**RECORDED INFORMATION**
———

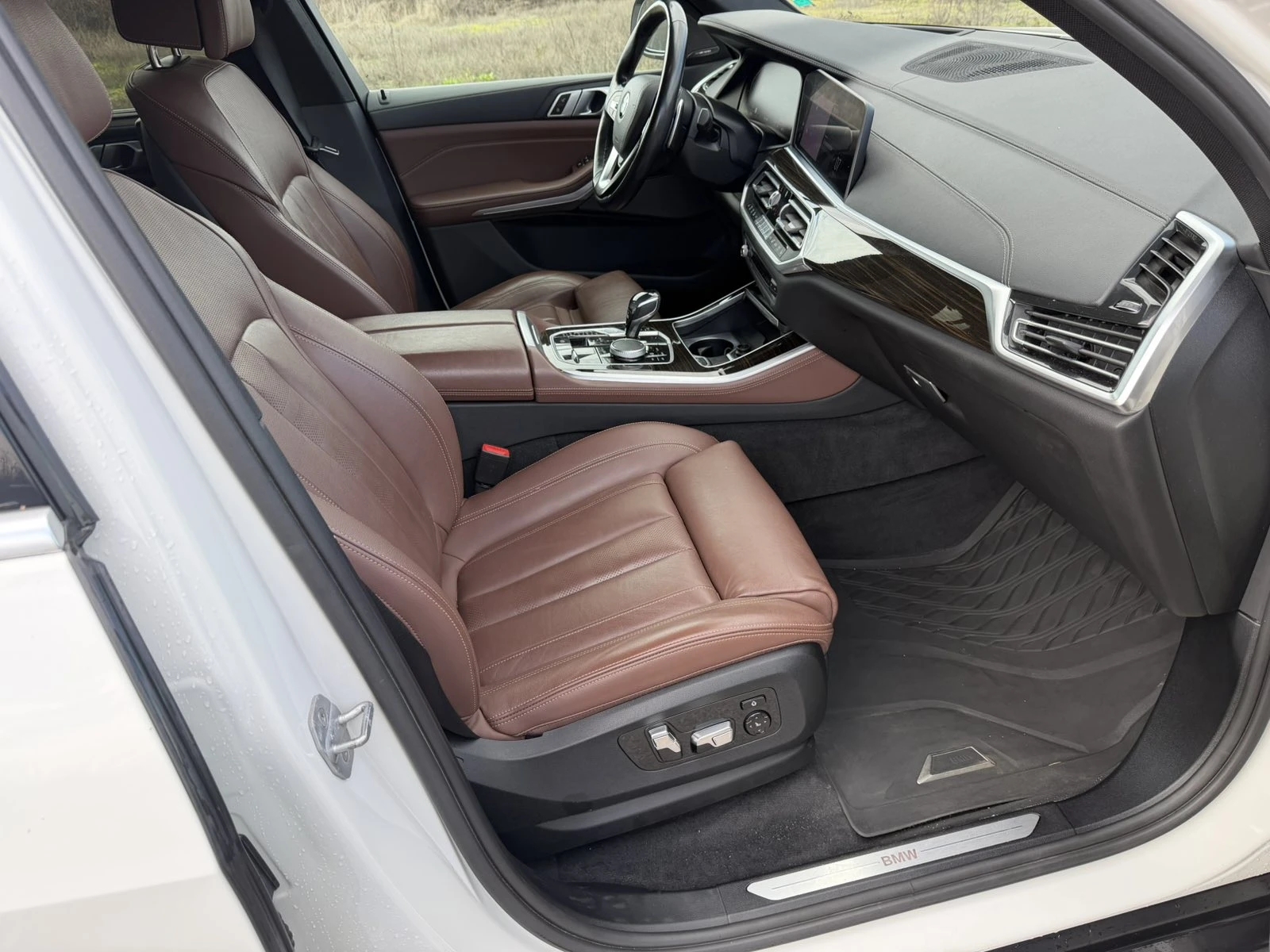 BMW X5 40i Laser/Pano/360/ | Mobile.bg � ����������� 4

———

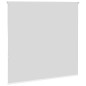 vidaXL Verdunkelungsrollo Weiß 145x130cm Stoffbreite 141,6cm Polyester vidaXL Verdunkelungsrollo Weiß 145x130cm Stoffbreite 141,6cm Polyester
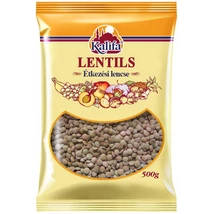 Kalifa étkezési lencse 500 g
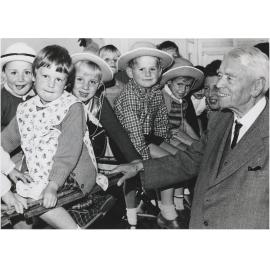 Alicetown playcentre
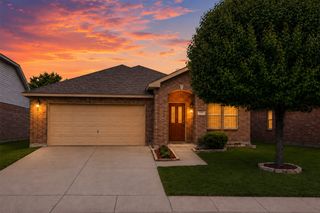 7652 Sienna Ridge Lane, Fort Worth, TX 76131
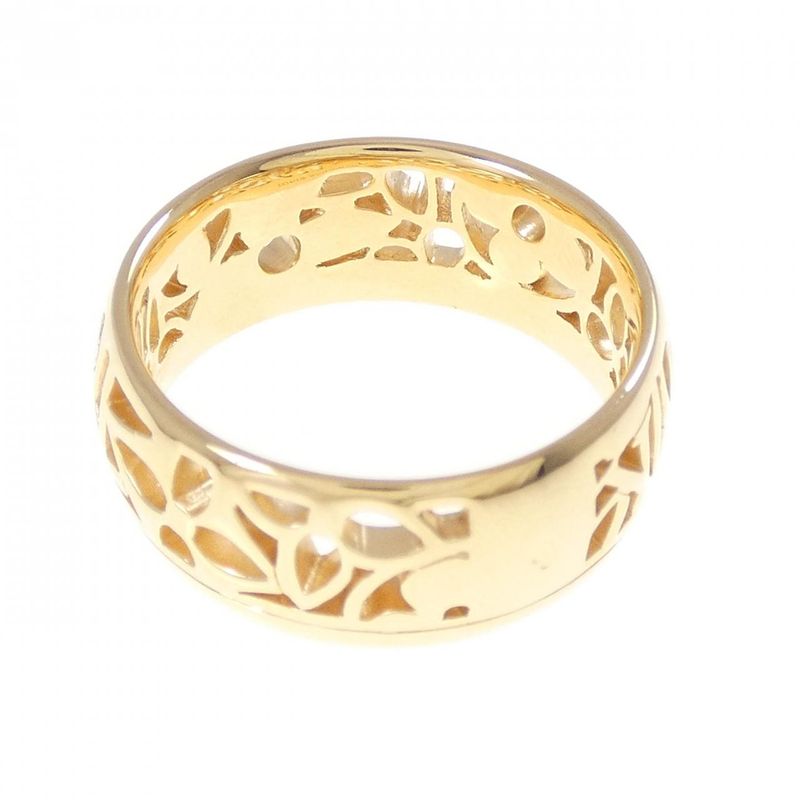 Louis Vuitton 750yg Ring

———

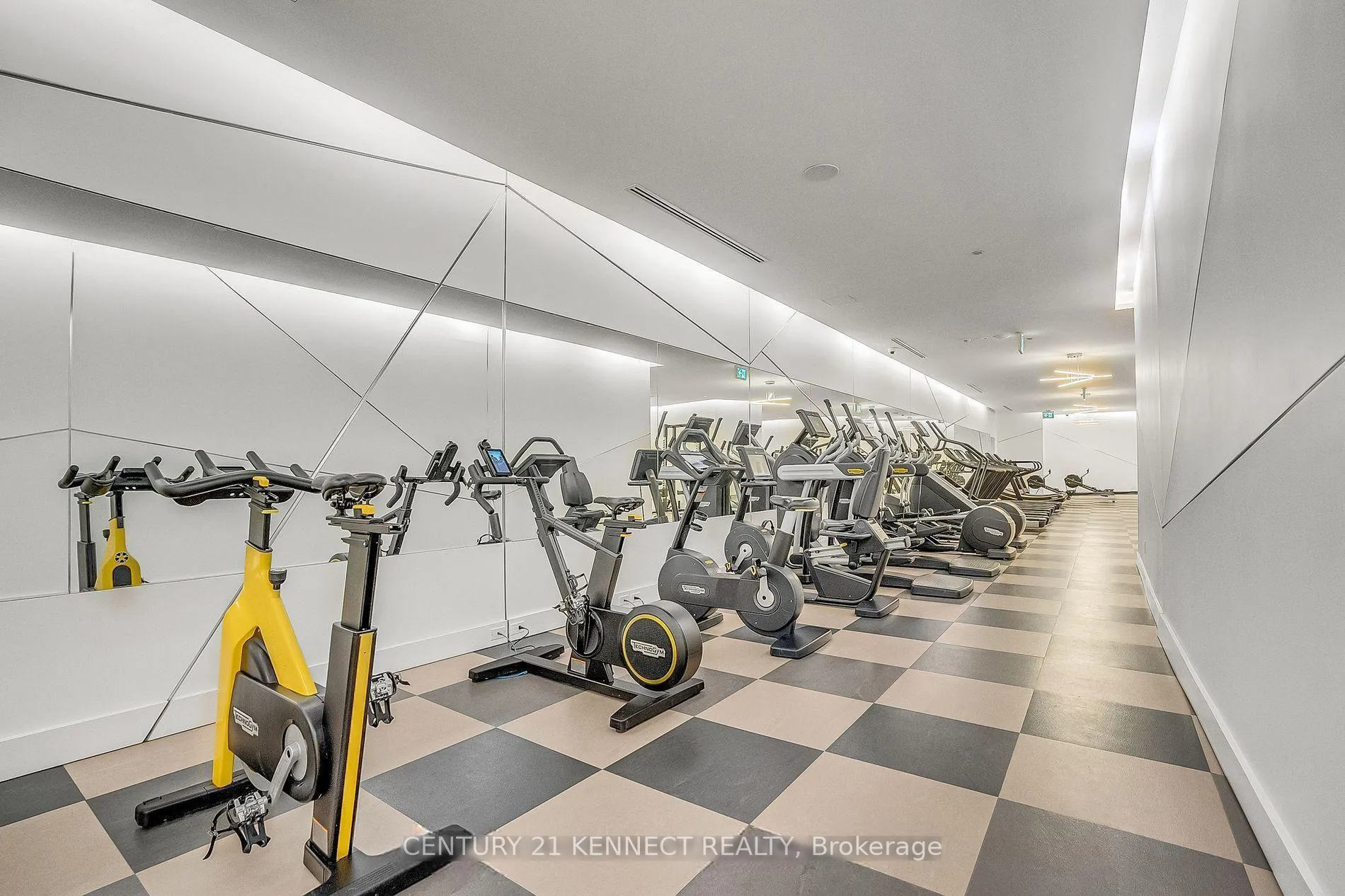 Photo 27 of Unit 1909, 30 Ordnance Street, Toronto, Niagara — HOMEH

———

**TASK ITEM**
Within the listing above, the stretch from the line with "141,6cm Polyester vidaXL" down to the line with "Louis Vuitton 750yg Ring" is to be given again exactly, end lines included and pictures excluded.

**RESPONSE AREA**
 vidaXL Verdunkelungsrollo Weiß 145x130cm Stoffbreite 141,6cm Polyester vidaXL Verdunkelungsrollo Weiß 145x130cm Stoffbreite 141,6cm Polyester
 Kalifa étkezési lencse 500 g
 Alicetown playcentre
 7652 Sienna Ridge Lane, Fort Worth, TX 76131
 Louis Vuitton 750yg Ring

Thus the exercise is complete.